## DATA SECTION:
================

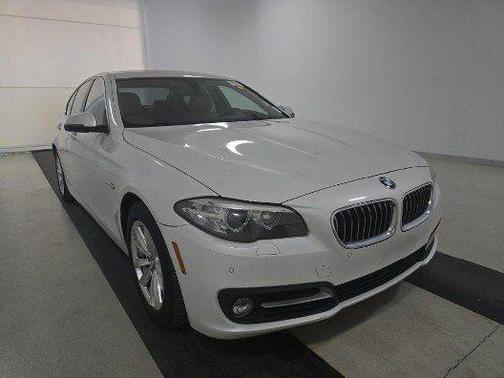 2015 BMW 528 528i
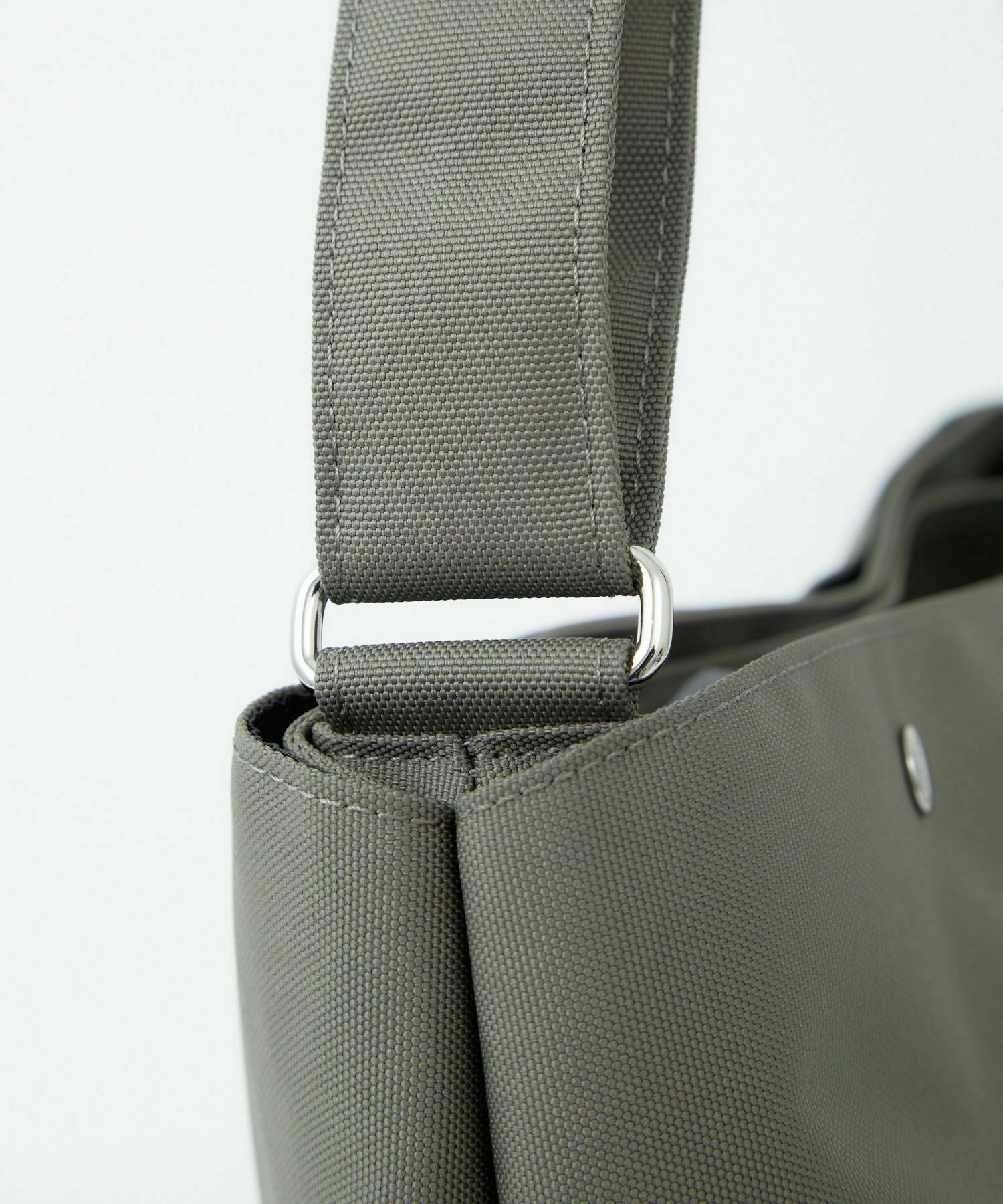 anello ショルダーバッグ 撥水 多収納 A4 TOGO ATS0661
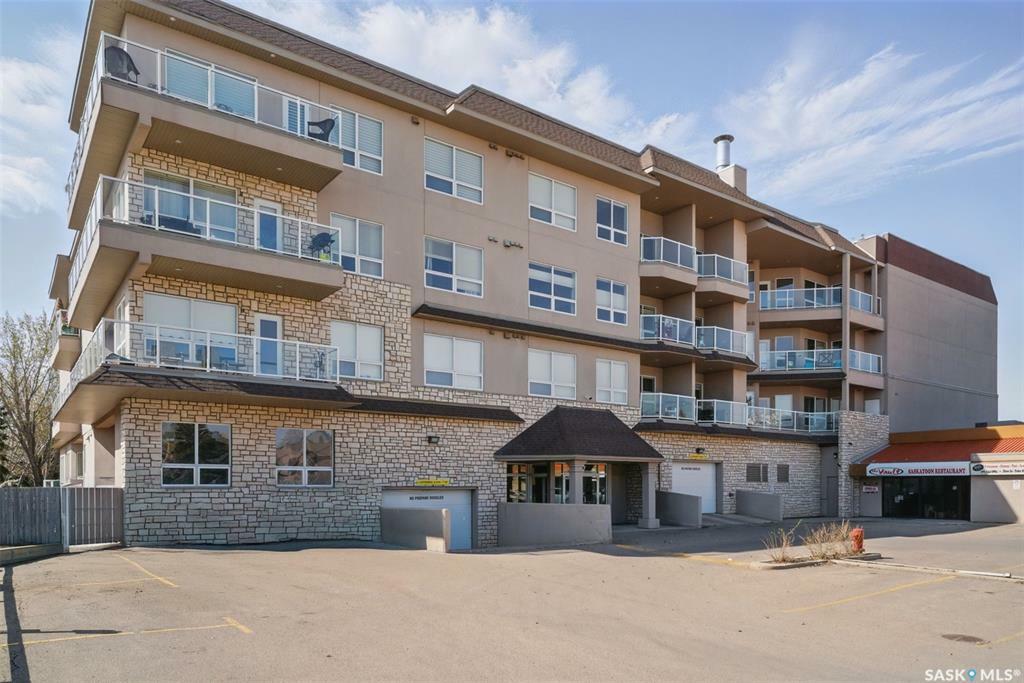 Property Photo: 227 Pinehouse Drive 202 SK S7K 6N9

================

## EXERCISE DIRECTIONS:
With the pictures left out, transcribe the material exactly.

## WRITTEN SOLUTION:
 2015 BMW 528 528i
 anello ショルダーバッグ 撥水 多収納 A4 TOGO ATS0661
 Property Photo: 227 Pinehouse Drive 202 SK S7K 6N9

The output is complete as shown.